Gerbang milenium baru sudah di depan mata, namun masih bertumpuk `PR'
tersisa. Kegagalan pemerintahan Habibie menjalankan amanat TAP MPR Nomor XI
tahun 1998 tentang "Penyelenggaraan Negara yang Bersih dan Bebas Korupsi,
Kolusi dan Nepotisme", khususnya untuk mengadili mantan Presiden Soeharto,
membuat beban negara semakin berat. Bagaimana tidak? Demi membangun kembali
reruntuhan ekonomi pasca krisis moneter, tak bisa tidak, mesti melalui
perombakan mendasar budaya KKN yang terlanjur mengakar. Dan karena kegagalan
ini, agenda-agenda lainnya pun terpaksa mengalami penjadwalan kembali -untuk
kemudian ditindaklanjuti oleh MPR RI periode 1999-2004. Padahal, persoalan
negara ini bukanlah ekonomi semata.

Masih ada lagi persoalan politik, hukum, sosial-budaya yang menunggu
diselesaikan. Ada pula tugas besar untuk meluruskan sejarah perjalanan
bangsa ini, yang telah berpuluh tahun dimanipulasi dan meninggalkan luka
menganga dalam jiwa rakyat Indonesia. Warisan 'kekerasan' yang tak pernah
terungkap tuntas ini, selalu menghantui bahkan masih dapat 'meledak'
sewaktu-waktu.

Upaya mengadili mantan presiden Soeharto misalnya, sebetulnya, tidak cukup
hanya dengan mengaitkannya dengan persoalan KKN. Sebagaimana halnya Augusto
Pinochet, Pol Pot atau Slobodan Milosevic yang dituduh melakukan crimes
against humanity, begitu pula kiranya dengan pengadilan terhadap Soeharto.
Besarnya uang yang diambil Soeharto selama berkuasa, masih lah belum
seberapa nilainya dengan jumlah nyawa manusia yang melayang pada periode
yang sama. "Jika uang yang dijarah dari negara anda terlalu besar, Anda
masih bisa mencari gantinya. Mintalah pengampunan utang," ujar seorang
wartawan Radio Nasional Swiss yang selalu memperhatikan masalah Indonesia.
"Tapi, jika satu saja jiwa melayang akibat pembantaian, Anda tak bisa
menggantinya," katanya lagi. "Apalagi jika sampai ribuan atau ratusan ribu."
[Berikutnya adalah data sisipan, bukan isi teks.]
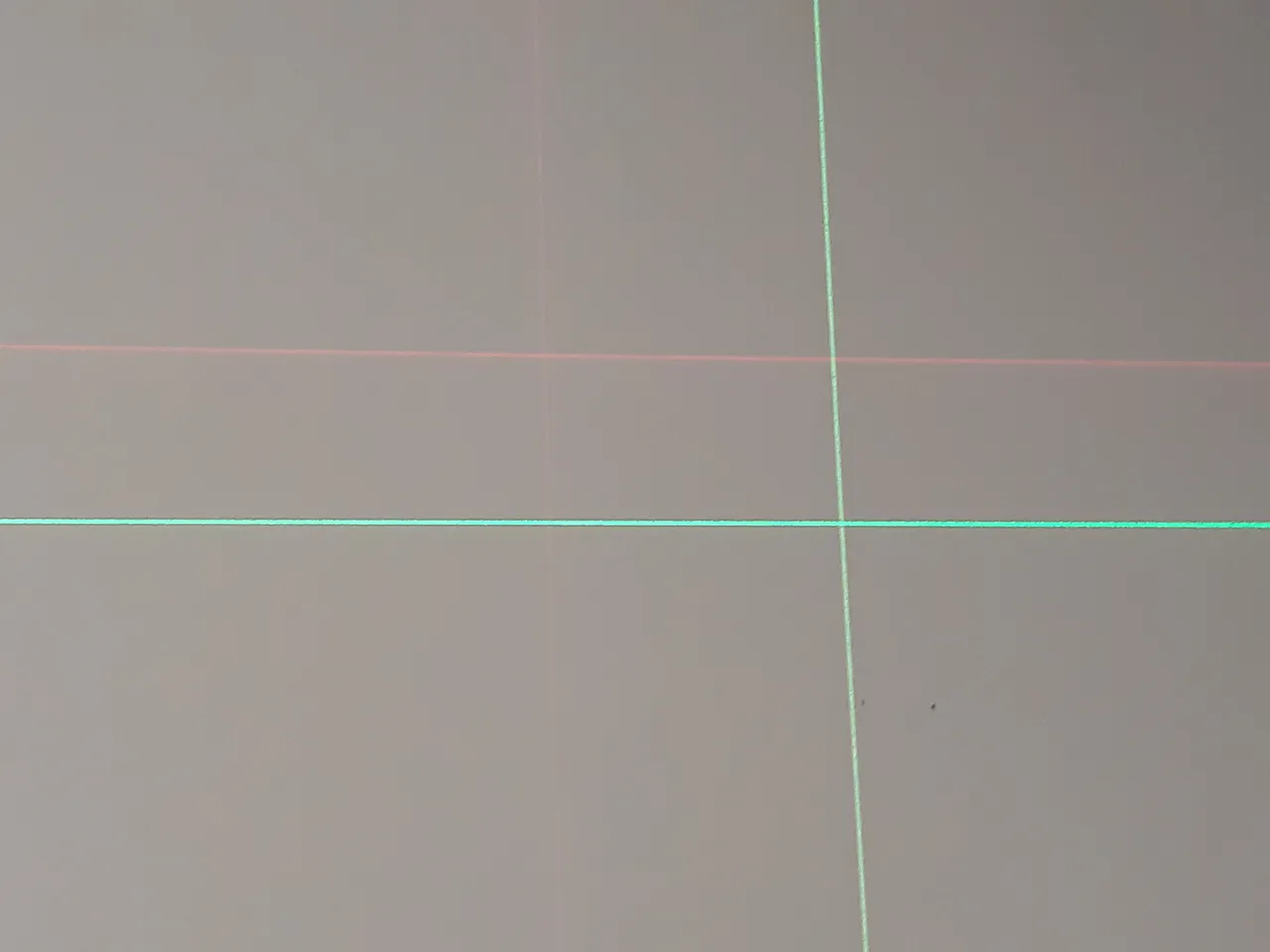 Laser zielony kontra czerwony porównanie widoczności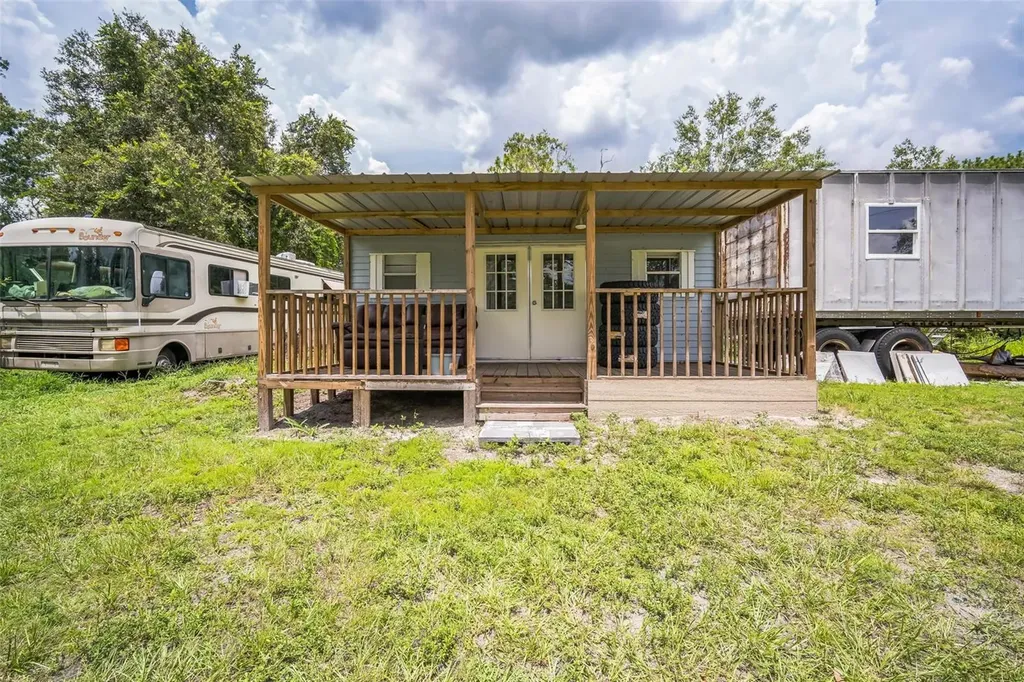 6830 N Dormany Road Plant City FL 33565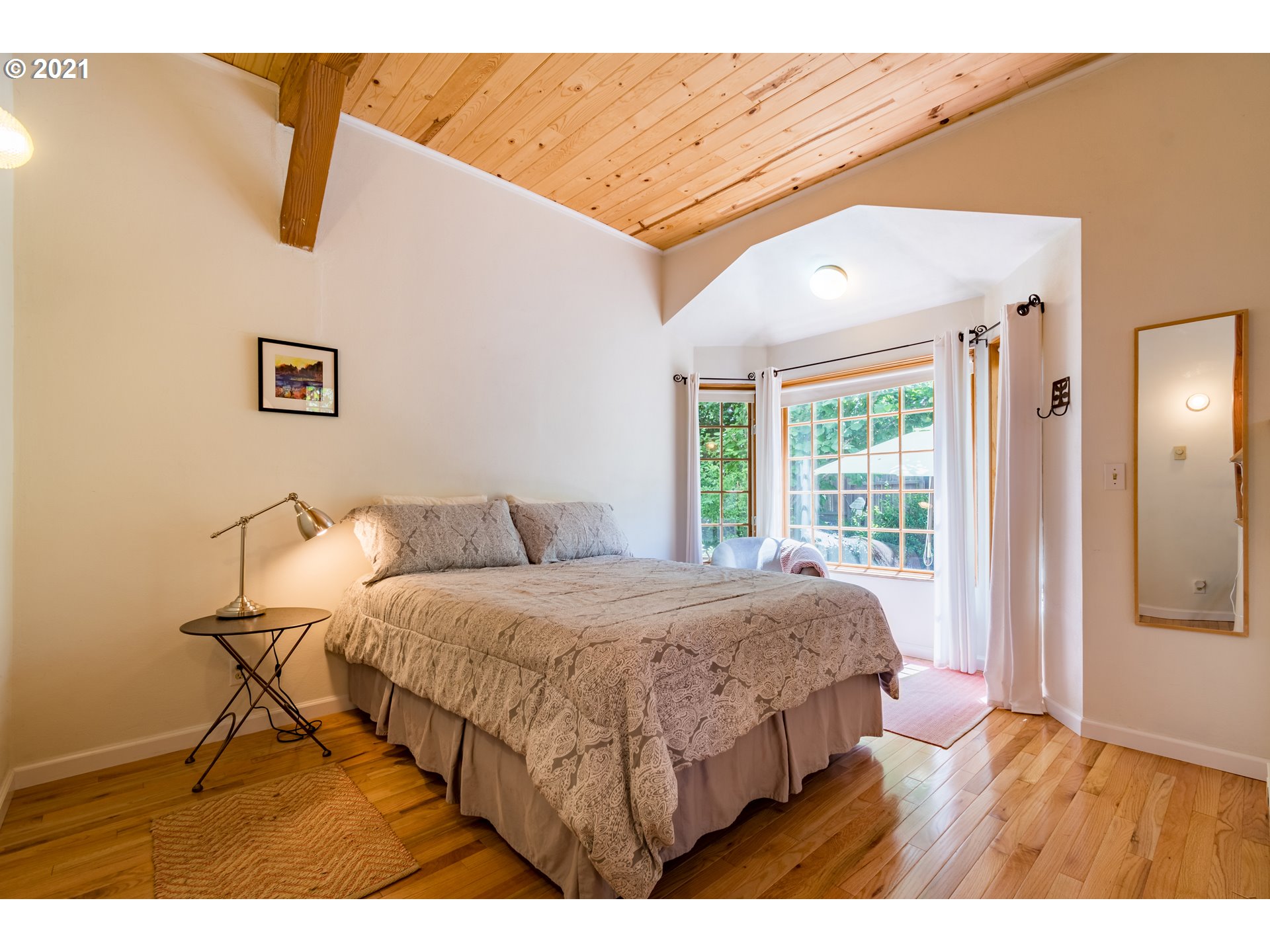 2500 Spring Boulevard Eugene, OR 97403 - Photo 25 of 32 Gallery Image 25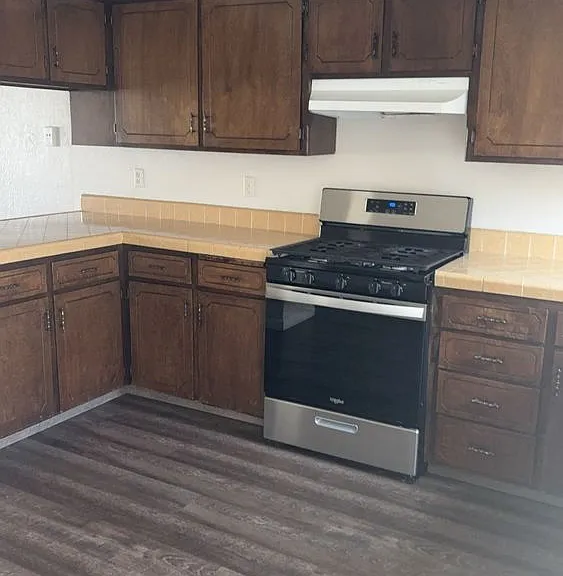 126 N Peppertree St — Photo 4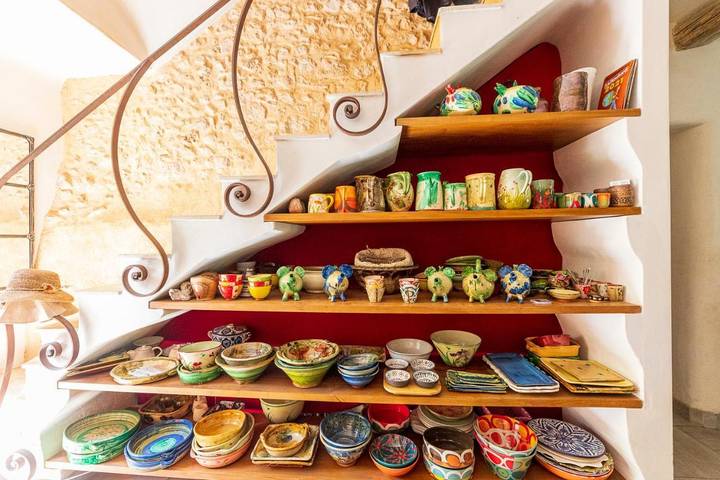 Chambre d’hôte pour 3 personnes, avec vue ainsi que jardin et terrasse à Moustiers-Sainte-Marie - 3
Peristiwa pembantaian yang mengikuti pengambilalihan kekuasaan oleh militer
dari tangan Soekarno di tahun 1965, adalah sebuah tragedi kemanusiaan
terbesar dalam sejarah Indonesia. Bertrand Russell, filsuf besar asal
Inggris melukiskan kepedihan peristiwa itu pada tahun 1966: ".hanya dalam
empat bulan, jumlah orang yang terbunuh di Indonesia, lima kali lipat lebih
besar dibandingkan yang terjadi di Vietnam selama 12 tahun." The Washington
Post pada tahun yang sama memperkirakan angka kematian mencapai 500.000
jiwa. Sementara sumber-sumber lain, meyakini angka 600.000 hingga 1 juta
jiwa. Menurut para saksi mata, antara tahun 1965 hingga 1966, pembantaian
yang dilakukan terhadap para elit maupun kader Partai Komunis Indonesia,
dilakukan dengan sangat sadis. Dikatakan bahwa, sungai-sungai besar di Jawa
Tengah dan Jawa Timur berubah warna menjadi merah akibat darah manusia.

Mantan diplomat AS di Indonesia yang bekerja sebagai anggota US Embassy's
political section, Robert J. Martens, kepada Kathy Kadane dari State News
Service, mengakui telah menyuplai informasi tentang 5.000 nama pimpinan
teras maupun kader-kader PKI pada pihak angkatan darat Indonesia. "Informasi
itu sangat membantu angkatan darat," ungkapnya. "Mereka kemungkinan besar
telah membunuh banyak orang, dan tangan saya mungkin juga jadi berlumuran
darah karenanya." Menurut Martens lagi, informasi itu, selama beberapa bulan
diberikan secara teratur pada Tirta Kentjana ("Kim") Adhyatman, ajudan Adam
Malik. Dari Kim, informasi tersebut diberikan ke Adam Malik -yang kemudian
menjadi menteri luar negeri dan wakil presiden di era Soeharto-, yang kelak
meneruskannya ke Kostrad, markas Soeharto.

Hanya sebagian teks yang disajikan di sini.